Dopo questa parentesi, il suo stile si è connotato fortemente in direzione dell’intreccio tra realismo – perseguito con grande rigore e con gli strumenti tipici di un approccio documentario come il piano-sequenza e la macchina fissa – e fantastico, reso dall’ellissi della narrazione e dalla dilatazione di scene e suoni per evidenziare l’aspetto mistico e spirituale. È con Sud Pralad (2004, noto con il titolo Tropical malady) che questo doppio piano si perfeziona in un’opera in due segmenti (forma bipartita che sarà poi tipica anche degli altri film) in cui l’attenzione di W. per i costumi e i riti propri di una terra antica si manifesta prima in uno scorcio della vita quotidiana thailandese (soffermandosi su una storia d’amore omosessuale), poi nell’emergere del mito, dell’elemento spirituale che abita la foresta. Luoghi di una riviviscenza di eventi essenziali (l’amore appunto), che si verificano all’inizio dei tempi e si ripetono ogni volta diversamente negli spazi, dando corpo alla struttura sfuggente di questo cinema sempre in fieri. Ciò caratterizza anche il già citato Sang sattawat, che conserva la forma dicotomica e la cui temporalità in espansione e priva di confini viene raffigurata come un vapore che esce da un macchinario ospedaliero.

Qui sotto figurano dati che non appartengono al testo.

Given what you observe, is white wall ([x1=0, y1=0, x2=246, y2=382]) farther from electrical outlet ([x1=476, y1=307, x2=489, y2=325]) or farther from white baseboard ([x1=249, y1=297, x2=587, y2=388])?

Loong Boonmee raleuk chat chiarisce l’idea del reincarnarsi dei personaggi (portatori di elevata emotività) in un tempo inteso come infinito ritorno, nebulosa vorticante (il vapore del finale di Sang sattawat) piuttosto che come diacronia (in cui il corpo è semplice veicolo del ripresentarsi dei sentimenti da un altro tempo), incanalando in questo contesto, a metà tra la filosofia, la teoria cinematografica e l’esoterismo, le narrazioni fantastiche e i suoi fantasmi, tipici del folklore e del mito thailandese.

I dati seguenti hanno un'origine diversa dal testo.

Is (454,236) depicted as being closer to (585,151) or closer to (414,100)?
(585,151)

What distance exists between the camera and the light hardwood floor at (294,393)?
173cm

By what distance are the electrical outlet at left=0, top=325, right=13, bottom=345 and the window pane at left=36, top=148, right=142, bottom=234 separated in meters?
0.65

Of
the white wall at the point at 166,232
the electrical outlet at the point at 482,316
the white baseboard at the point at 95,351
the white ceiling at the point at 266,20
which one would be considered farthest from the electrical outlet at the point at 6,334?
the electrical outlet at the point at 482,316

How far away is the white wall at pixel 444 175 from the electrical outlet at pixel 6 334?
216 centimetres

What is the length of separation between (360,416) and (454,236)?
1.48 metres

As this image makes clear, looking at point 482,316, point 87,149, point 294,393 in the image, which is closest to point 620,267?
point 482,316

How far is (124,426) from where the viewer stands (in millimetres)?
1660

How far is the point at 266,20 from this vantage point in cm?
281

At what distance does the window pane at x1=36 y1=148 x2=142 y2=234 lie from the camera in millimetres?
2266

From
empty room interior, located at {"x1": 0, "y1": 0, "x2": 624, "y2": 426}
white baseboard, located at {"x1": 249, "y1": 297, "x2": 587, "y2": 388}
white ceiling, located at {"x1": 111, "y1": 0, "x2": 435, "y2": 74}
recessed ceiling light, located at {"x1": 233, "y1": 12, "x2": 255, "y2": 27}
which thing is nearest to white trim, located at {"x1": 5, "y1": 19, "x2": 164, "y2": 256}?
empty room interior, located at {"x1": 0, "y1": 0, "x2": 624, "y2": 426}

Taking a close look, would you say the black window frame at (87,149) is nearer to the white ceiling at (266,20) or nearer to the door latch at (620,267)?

Ancora tra vari piani di rappresentazione, tra storia e mito, realtà e finzione, e collocando il vissuto umano (il suo straripare emotivo) nella struttura di questa atemporalità, si sviluppa Mekong Hotel (2012), mediometraggio che sfrutta, come Sang sattawat, gli interni di un edificio (in questo caso un albergo) come luogo di sviluppo di un tempo non lineare, dilatato e fluente, in cui si trovano ad agire una madre vampiro con la figlia, due amanti e lo stesso regista alle prese con il set.

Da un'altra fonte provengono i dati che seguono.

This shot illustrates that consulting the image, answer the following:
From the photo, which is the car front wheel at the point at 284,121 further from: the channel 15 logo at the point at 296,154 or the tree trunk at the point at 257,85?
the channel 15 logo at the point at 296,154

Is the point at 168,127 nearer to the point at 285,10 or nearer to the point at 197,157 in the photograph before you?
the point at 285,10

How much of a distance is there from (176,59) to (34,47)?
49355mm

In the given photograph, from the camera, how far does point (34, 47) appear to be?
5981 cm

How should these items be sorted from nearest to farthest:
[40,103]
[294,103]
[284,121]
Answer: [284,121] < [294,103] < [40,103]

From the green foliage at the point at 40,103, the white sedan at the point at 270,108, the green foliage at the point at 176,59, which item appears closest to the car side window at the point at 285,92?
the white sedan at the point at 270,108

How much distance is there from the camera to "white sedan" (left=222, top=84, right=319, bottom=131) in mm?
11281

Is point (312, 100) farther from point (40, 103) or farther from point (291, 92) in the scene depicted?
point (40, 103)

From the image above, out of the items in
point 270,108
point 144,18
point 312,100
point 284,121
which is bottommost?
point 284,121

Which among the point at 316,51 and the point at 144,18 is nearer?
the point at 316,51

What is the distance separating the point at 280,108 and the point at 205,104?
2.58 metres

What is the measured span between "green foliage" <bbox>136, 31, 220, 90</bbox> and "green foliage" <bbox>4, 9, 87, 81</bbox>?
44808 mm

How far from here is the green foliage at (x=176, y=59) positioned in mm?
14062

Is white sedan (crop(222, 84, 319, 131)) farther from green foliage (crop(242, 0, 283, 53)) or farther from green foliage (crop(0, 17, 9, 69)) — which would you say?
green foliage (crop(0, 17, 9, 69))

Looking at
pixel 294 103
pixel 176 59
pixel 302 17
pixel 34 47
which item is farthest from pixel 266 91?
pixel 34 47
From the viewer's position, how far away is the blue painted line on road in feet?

Bibliografia: U. Kremeier, Apichatpong Weerasethakul videaste, Montreuil 2002; Apichatpong Weerasethakul, ed. J. Quandt, Wien 2009; M. Butler, E. O’Raw, Apichatpong Weerasethakul. For tomorrow for tonight, Dublin-New York 2011; Apichatpong Weerasethakul, ed. G. Carrion-Murayari, M. Gioni, New York 2011; M. Causo, Apichatpong Weerasethakul. Misteriosi oggetti della memoria, in Il film in cui nuoto è una febbre. Registi fuori dagli schermi, a cura di L. Abiusi, Bari 2012.